Tuesday, January 26, 2010

Slowest Mitten Knit in History

It's kind of amazing just how much everything else slows down or comes to a halt when you have a week old baby in the house. It's been a couple days and I still haven't managed to re-do the second mitten. Well. Thats not to say I haven't been working on it, I'm sneaking in a row here and there, ((wow a whole 24 stitch row... ))
He's not even Colicky. God that would just destroy us I think. Last night was about the closest he came. He let us get to sleep for an hour or two, then woke up demanding loudly that the bottomless pit of Mini Monster tummy be filled. Which, at least last night, started to look like an impossible task. Partially because he was just especially hungry; partially because once he got a little bit of food in him, he'd remember that yes he was fairly awake, and OH. Wasn't -that- cool; whatever that was... and start staring at things in that Baby-doing-memorization way until he fell asleep again. Only if you tried to move him: He'd wake up. Lather, rinse, repeat.
Then around one-ish in the morning, he finally decided his tank was full and his diapers were going to stay empty for a little while, and zonked out with my Husband and I until this morning. So at the moment I'm chilling in our room trying to get a little knitting in ((and blogging)) while watching Mini Monster. Mini Monster is sort of half asleep but fascinated by the patterns on the bed-spread we got. I think it's supposed to be Crown Vetch.

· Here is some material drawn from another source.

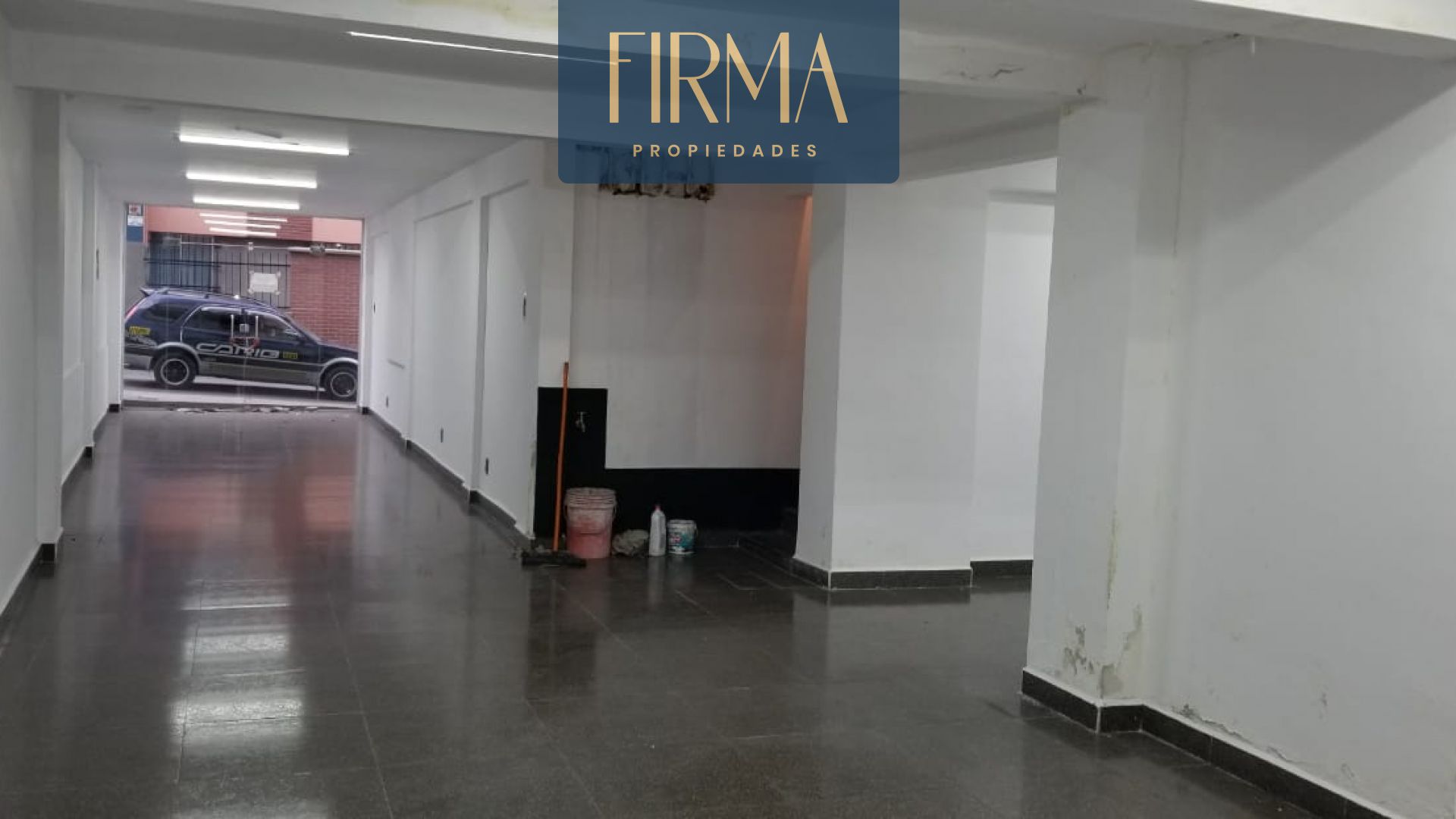 Local comercial en San Pedro en La Paz  2 baños  Foto 6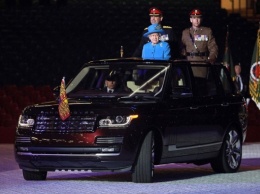 Подарок Ее Величеству: автопарк Елизаветы II пополнился гибридным Range Rover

Crown Vetch is an interesting plant, IMHO. It's one of those insanely fast growing kind that has interconnected roots, so you practically have to back hoe and put new soil down to get rid of it, but it will also grow where a lot of other plants can't. ((My dad still resists the concept of trying to put it between the barns at my folks place.)) It's really pretty much a weed, but it's actually a very pretty weed. Just insidious if it gets where you DON'T want it.
It's one of those things that always reminds me of Dad's occasional garden failures. ((He's actually a really good gardener, but these things happen.))
I remember at least one time where we all argued for one plant to be left ((which he killed)) and insisted another was superior and 'not a weed'. The 'Not a weed' had the ugliest looking... and smelling, blooms we had ever seen, and tried to blast it's way through the garden like Napoleon on the march. It was eventually removed.
Just a random drabble since it always makes me wonder, to this day, how some things become 'weeds' and some things become 'flowers'.